Required action — Exact copies of the lines from the one holding "SERENE ISAIAH 41:10" through the last line of the entries below are to be printed, with pictures omitted.

[Short text fragments from websites]
☆ ☆ ☆
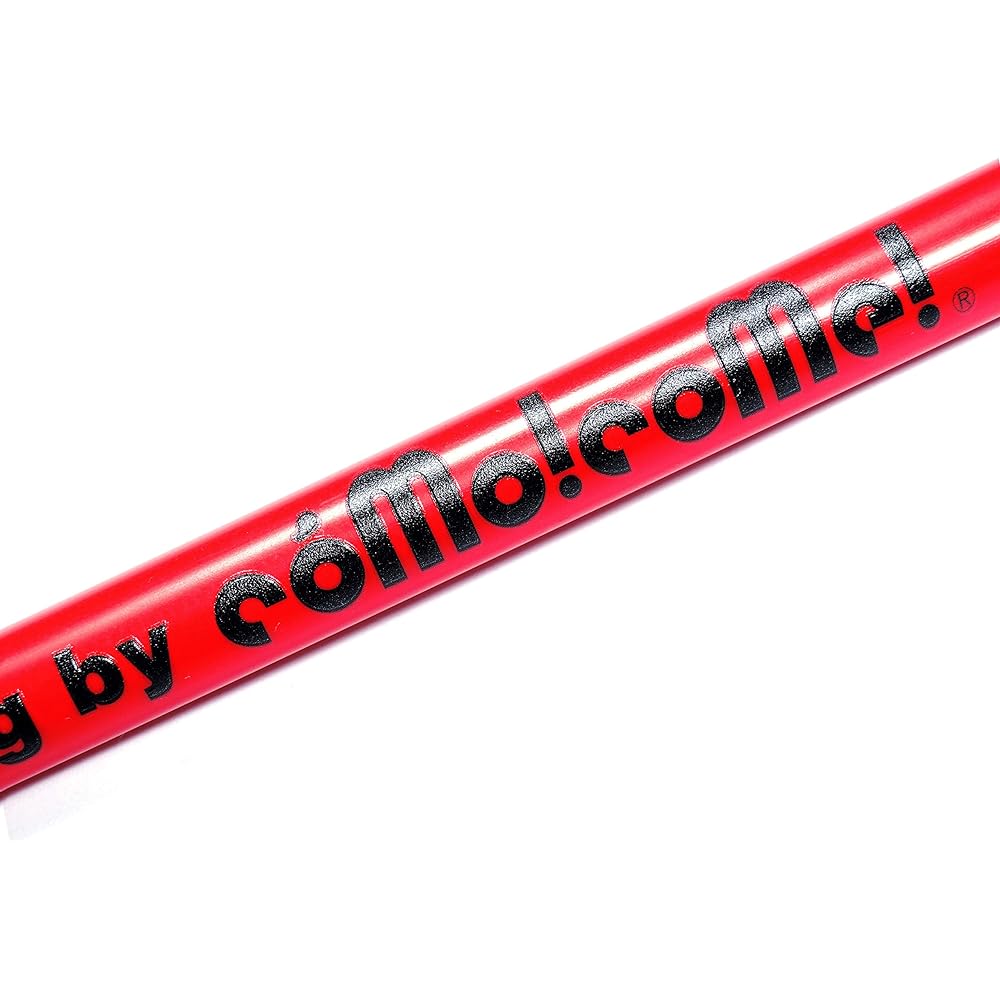 Komokome 2-way Golf Swing Practice Equipment, Live Swing, Flexible Shaft, Increases Flying Distance, Increases Head Speed, Practice Swing, Made in Japan (Red (Impact Master Included))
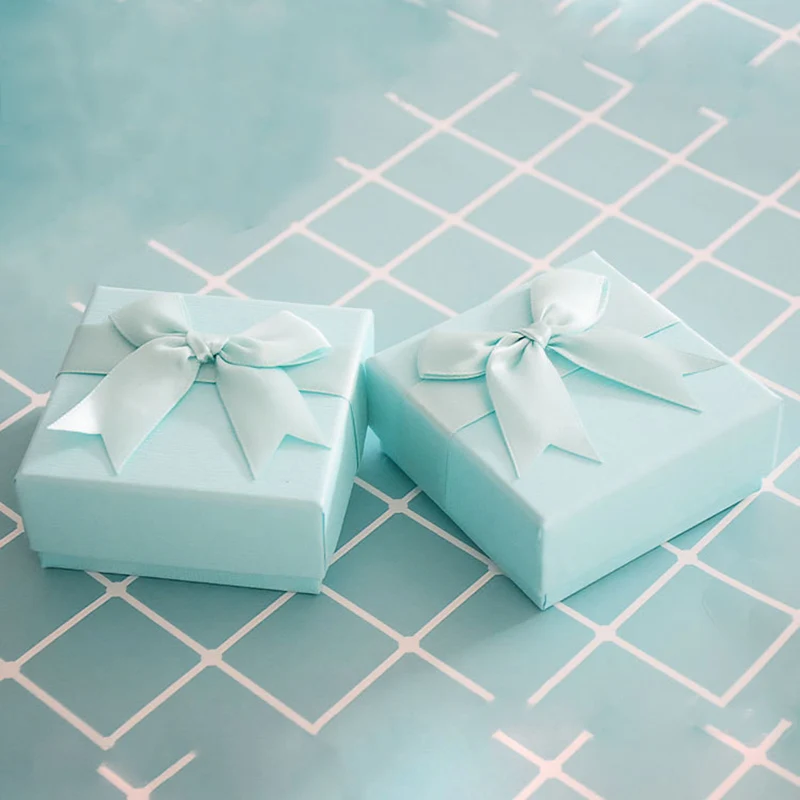 

10 шт., картонная коробка для хранения ювелирных изделий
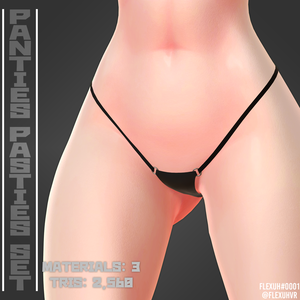 Panties & Pasties Set - パンティーとニプレスのセット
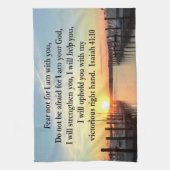 SERENE ISAIAH 41:10 SONNENSET FOTO DESIGN HANDTUCH (Vertikal)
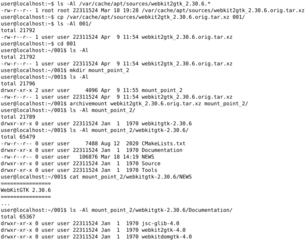 mounts an archive or compressed file for access as a filesystem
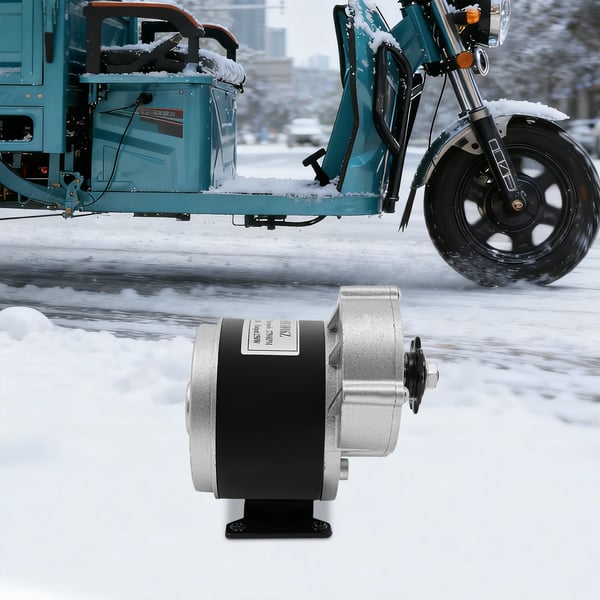 DC gearmotor - Børstet 12V elmotor - Reduktionsgear - Hastighed 2750 omdr/min - Kobbervindinger, jernhus - Til elcykel og elscooter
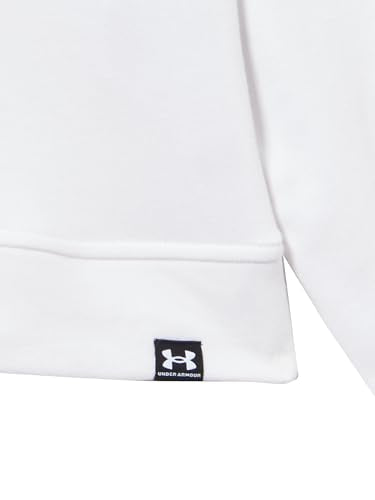 Under Armour Girls Rival Hoodie Large White Kids Sports Sweatshirt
☆ ☆ ☆
Answer section —
 SERENE ISAIAH 41:10 SONNENSET FOTO DESIGN HANDTUCH (Vertikal)
 mounts an archive or compressed file for access as a filesystem
 DC gearmotor - Børstet 12V elmotor - Reduktionsgear - Hastighed 2750 omdr/min - Kobbervindinger, jernhus - Til elcykel og elscooter
 Under Armour Girls Rival Hoodie Large White Kids Sports Sweatshirt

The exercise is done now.